4. Make changes as necessary and select Save when finished to save the changes.

5. To reset a user's password, select the kebab menu at the upper right of the page and select Reset Password.

   

   The user will be prompted to log out and then log back in, where they will be prompted to create a new password.

# Require multifactor authentication (MFA)

1. Select the Settings icon to display the Settings page.

2. Then select the Client User Management card to display the Users page.

3. From the Users page, select any user row to display their user information and select the MFA tab.

   

4. Select the Authenticator App option and select Update. The next time the user attempts to log into the NetSPI Platform they will be prompted to setup MFA.

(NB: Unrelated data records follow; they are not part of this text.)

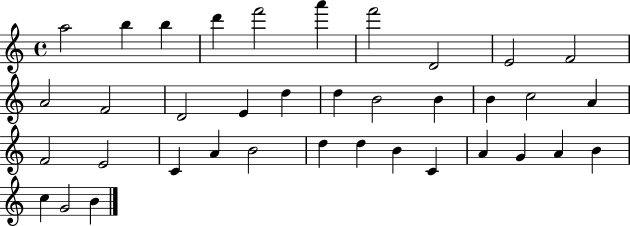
{
  \clef treble
  \time 4/4
  \defaultTimeSignature
  \key c \major
  a''2 b''4 b''4 | d'''4 f'''2 a'''4 | f'''2 d'2 | e'2 f'2 | \break a'2 f'2 | d'2 e'4 d''4 | d''4 b'2 b'4 | b'4 c''2 a'4 | \break f'2 e'2 | c'4 a'4 b'2 | d''4 d''4 b'4 c'4 | a'4 g'4 a'4 b'4 | \break c''4 g'2 b'4 | \bar "|."
}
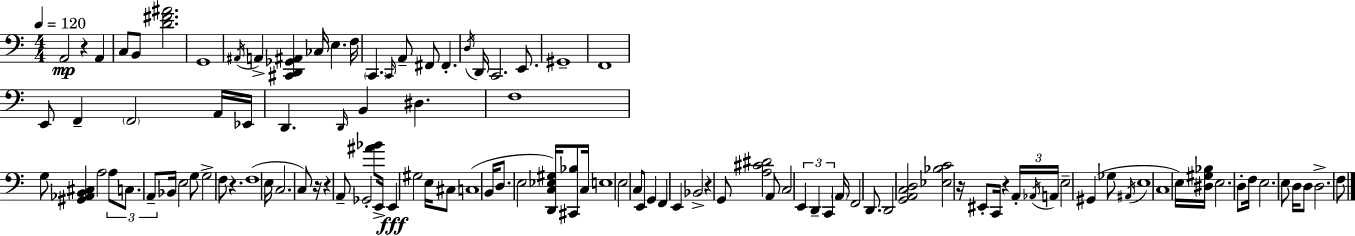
A2/h R/q A2/q C3/e B2/e [D4,F#4,A#4]/h. G2/w A#2/s A2/q [C#2,D2,Gb2,A#2]/q CES3/s E3/q. F3/s C2/q. C2/s A2/e F#2/e F#2/q. D3/s D2/s C2/h. E2/e. G#2/w F2/w E2/e F2/q F2/h A2/s Eb2/s D2/q. D2/s B2/q D#3/q. F3/w G3/e [G#2,Ab2,B2,C#3]/q A3/h A3/e C3/e. A2/e Bb2/s E3/h G3/e G3/h F3/e R/q. F3/w E3/s C3/h. C3/e R/s R/q A2/e Gb2/h [A#4,Bb4]/e E2/s E2/q G#3/h E3/s C#3/e C3/w B2/s D3/e. E3/h [D2,C3,Eb3,G#3]/s [C#2,Bb3]/e C3/s E3/w E3/h C3/e E2/e G2/q F2/q E2/q Bb2/h R/q G2/e [A3,C#4,D#4]/h A2/e C3/h E2/q D2/q C2/q A2/s F2/h D2/e. D2/h [G2,A2,C3,D3]/h [Eb3,Bb3,C4]/h R/s EIS2/e C2/s R/q A2/s Ab2/s A2/s E3/h G#2/q Gb3/e A#2/s E3/w C3/w E3/s [D#3,G#3,Bb3]/s E3/h. D3/e F3/s E3/h. E3/e D3/s D3/e D3/h. F3/e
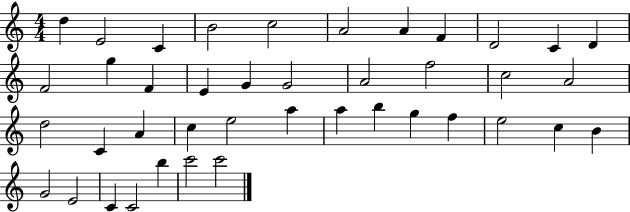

# Create an API token for your users

If you have Admin permissions, you can generate API tokens for your organization's users. Only a NetSPI Admin or a Client Admin can generate API tokens. Once a token is generated for a user, that user can copy/revoke/rotate the API token from their user profile. For now, the API tokens do not expire.

1. Select the Settings icon to display the Settings page.

2. Then select the Client User Management card to display the Users page.

3. From the Users page, select any user row to display that user's information and select the API tab.

   

4. Select Generate Token to generate the token. A message displays confirming the API token generation.

   

   If the user already had an API token, a message displays announcing this, and you have the option to rotate the API token on their behalf.

   

   The user's profile page will display that API token on the API tab where they can copy it, delete it, or rotate it.

   

# Add module permissions for your users

If you have Admin permissions, you can configure your users' access to the NetSPI Platform modules you have subscribed to.

1. Select the Settings icon to display the Settings page.

2. Then select the Client User Management card to display the Users page.

3. From the Users page, select any user row to display that user's information and select the tab for the module that you want to configure user permissions for: PTaaS, EASM, or BAS.

   

4. Select Save after making your changes to have them take effect immediately.